25 июля 1652 года патриархом на Руси стал Никон (Никита Минов). Через два года он объявил о церковной реформе на соборе, где было принято решение об исправлении церковных книг по греческим и древнеславянским образцам. Несколько участников собора не подписали его решения. В их числе был протопоп Аввакум.
Весной 1664 года Аввакум поселился у боярыни Морозовой и жил до конца августа: «У света моей, у Федосьи Прокопьевны Морозовы, не выходя жил во дворе, понеже дочь моя духовная» (Повесть. С. 95).
Протопоп Аввакум рассказывает о своих беседах с боярыней Морозовой: «Бывало, сижю с нею и книгу чту, а она прядет и слушает»; «многими дньми» с ним беседовала о «душевном спасении». «Прилежаше бо Феодосья и книжному чтению и черплюще глубину разума от источника словес евангельских и апостольских. Бысть же жена веселообразная и любовная» (Повесть. С. 211).
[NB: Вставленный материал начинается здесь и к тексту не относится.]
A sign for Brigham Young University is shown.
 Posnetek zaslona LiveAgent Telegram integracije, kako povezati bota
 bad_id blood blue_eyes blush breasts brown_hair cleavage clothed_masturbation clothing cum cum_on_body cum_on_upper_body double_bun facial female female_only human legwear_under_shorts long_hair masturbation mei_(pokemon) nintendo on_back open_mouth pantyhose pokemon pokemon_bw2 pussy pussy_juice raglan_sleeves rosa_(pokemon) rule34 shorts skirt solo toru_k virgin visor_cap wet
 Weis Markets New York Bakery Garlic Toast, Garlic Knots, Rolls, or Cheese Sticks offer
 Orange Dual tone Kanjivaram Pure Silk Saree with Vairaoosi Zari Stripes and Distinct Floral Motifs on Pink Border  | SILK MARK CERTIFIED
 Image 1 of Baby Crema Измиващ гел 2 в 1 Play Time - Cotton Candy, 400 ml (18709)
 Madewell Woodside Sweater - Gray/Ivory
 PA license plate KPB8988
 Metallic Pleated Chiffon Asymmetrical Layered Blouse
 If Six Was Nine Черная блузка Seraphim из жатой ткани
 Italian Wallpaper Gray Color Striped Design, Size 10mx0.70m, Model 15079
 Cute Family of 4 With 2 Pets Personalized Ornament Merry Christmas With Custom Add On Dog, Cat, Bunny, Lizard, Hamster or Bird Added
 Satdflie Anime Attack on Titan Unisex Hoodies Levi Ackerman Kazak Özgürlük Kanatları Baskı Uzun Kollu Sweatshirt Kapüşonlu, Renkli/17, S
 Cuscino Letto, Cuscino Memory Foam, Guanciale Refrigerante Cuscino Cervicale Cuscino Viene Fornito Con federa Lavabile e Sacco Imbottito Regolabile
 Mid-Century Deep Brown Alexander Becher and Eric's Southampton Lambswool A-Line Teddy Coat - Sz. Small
Вместе со своей сестрой Морозова помогала Аввакуму и его семье.
Под влиянием Аввакума боярыня Морозова «всего новоуставления церковного» не приняла и делала это открыто, а не тайно. В ее доме давали приют и изгнанным из монастырей монахиням, и странникам-старообрядцам (Повесть. С. 97). В ее домовой церкви служили по старым книгам. Дом стал центром, куда стекались старообрядцы послушать проповеди протопопа Аввакума. Посыпались доносы царю, и он велел отобрать у боярыни вотчины, но за нее заступилась царица, и они были возвращены.
Нам неизвестно, как относились к расколу покойные братья Морозовы. Однако был у боярыни двоюродный брат, окольничий царя Алексея Михайловича, Федор Михайлович Ртищев (1625—1673), деятель просвещения своего времени. Он вырос вместе с царем, и тот его ценил.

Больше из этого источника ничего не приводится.